━━━━━ DATA IN THIS EXERCISE ━━━━━

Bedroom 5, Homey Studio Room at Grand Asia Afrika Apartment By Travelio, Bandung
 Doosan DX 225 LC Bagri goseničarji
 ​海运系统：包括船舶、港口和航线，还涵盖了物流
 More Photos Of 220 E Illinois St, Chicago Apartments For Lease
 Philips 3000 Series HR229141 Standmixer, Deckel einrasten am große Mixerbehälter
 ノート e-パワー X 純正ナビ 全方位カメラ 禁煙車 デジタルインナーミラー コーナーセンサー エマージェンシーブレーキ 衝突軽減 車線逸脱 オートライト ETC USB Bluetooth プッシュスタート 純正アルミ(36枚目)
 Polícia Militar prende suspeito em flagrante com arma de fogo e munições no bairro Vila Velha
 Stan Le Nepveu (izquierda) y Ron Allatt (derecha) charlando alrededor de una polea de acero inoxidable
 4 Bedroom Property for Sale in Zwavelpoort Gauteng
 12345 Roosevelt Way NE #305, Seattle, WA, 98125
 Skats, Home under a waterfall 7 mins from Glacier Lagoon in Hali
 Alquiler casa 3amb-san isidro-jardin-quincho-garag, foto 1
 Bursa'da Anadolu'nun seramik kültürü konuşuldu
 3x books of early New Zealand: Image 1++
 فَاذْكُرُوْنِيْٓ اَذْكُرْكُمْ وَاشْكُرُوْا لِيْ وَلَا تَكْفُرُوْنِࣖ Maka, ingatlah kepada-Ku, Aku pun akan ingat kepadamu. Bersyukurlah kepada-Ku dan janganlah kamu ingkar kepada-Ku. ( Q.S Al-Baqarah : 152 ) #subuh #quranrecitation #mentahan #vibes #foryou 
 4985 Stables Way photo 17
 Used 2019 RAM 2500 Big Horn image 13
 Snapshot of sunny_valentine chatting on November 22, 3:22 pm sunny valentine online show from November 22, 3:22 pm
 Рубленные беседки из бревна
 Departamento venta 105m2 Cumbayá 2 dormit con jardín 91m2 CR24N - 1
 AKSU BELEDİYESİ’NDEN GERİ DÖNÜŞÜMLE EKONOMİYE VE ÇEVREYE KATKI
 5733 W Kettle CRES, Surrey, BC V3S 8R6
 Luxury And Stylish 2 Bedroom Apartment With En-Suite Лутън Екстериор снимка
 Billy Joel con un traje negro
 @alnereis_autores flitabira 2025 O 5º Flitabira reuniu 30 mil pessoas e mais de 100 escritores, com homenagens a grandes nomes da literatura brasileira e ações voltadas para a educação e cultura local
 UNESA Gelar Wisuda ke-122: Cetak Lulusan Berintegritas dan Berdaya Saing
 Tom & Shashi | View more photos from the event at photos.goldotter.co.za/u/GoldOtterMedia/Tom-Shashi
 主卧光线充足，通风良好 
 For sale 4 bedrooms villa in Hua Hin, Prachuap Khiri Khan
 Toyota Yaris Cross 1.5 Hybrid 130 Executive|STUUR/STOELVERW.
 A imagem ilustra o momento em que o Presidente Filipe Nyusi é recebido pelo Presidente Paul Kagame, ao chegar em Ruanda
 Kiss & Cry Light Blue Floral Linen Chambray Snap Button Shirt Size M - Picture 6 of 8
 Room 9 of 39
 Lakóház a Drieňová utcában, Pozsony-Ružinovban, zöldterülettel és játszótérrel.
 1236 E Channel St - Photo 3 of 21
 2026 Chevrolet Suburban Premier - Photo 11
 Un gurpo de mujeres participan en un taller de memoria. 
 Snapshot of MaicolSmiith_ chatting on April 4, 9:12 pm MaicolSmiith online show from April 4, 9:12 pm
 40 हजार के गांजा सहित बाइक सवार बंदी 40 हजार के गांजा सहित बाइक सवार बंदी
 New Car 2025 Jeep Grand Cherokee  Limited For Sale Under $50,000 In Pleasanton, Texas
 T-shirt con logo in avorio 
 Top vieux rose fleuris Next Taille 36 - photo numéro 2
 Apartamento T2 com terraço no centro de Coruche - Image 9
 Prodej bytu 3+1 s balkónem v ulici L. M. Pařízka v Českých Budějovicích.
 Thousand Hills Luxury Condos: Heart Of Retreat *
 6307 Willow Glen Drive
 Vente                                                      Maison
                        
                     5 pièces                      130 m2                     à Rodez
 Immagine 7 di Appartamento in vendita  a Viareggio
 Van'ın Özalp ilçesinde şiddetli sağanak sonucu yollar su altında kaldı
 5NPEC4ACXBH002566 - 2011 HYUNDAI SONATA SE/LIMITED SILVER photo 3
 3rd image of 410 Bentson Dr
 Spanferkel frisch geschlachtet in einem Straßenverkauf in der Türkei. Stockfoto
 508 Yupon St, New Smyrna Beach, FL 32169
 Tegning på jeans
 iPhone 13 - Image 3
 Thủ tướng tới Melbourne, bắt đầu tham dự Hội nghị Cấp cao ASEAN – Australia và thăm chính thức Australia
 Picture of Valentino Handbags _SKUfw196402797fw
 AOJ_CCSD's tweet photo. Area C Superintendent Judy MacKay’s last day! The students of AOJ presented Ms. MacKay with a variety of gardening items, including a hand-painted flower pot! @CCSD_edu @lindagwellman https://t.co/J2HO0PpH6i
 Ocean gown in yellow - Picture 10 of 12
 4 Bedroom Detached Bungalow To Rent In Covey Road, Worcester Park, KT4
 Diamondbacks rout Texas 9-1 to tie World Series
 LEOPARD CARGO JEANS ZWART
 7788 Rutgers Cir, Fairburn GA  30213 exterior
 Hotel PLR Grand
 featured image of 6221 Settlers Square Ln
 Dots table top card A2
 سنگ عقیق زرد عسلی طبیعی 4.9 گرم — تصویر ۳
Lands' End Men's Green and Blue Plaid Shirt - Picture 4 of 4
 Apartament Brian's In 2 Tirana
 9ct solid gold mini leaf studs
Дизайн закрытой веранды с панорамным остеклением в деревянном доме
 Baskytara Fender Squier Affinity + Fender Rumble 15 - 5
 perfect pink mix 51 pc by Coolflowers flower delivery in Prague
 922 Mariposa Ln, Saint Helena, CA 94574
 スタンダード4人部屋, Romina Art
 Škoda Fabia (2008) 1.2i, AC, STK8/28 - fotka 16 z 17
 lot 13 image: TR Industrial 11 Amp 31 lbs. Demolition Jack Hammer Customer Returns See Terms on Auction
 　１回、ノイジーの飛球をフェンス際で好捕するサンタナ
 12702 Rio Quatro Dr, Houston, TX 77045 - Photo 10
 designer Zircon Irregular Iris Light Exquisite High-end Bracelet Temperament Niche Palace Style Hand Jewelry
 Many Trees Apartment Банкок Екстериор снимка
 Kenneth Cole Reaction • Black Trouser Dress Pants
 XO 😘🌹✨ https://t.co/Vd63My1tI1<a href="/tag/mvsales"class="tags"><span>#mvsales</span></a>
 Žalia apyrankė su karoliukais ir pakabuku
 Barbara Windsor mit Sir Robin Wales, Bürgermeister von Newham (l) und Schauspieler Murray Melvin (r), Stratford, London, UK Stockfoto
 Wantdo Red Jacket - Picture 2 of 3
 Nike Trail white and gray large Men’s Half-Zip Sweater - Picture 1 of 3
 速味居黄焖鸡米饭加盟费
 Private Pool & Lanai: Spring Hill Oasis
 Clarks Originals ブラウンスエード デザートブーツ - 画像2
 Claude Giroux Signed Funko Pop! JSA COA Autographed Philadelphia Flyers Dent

━━━━━

Report back every line of the entries in which "снимка" occurs.

 Luxury And Stylish 2 Bedroom Apartment With En-Suite Лутън Екстериор снимка
 Many Trees Apartment Банкок Екстериор снимка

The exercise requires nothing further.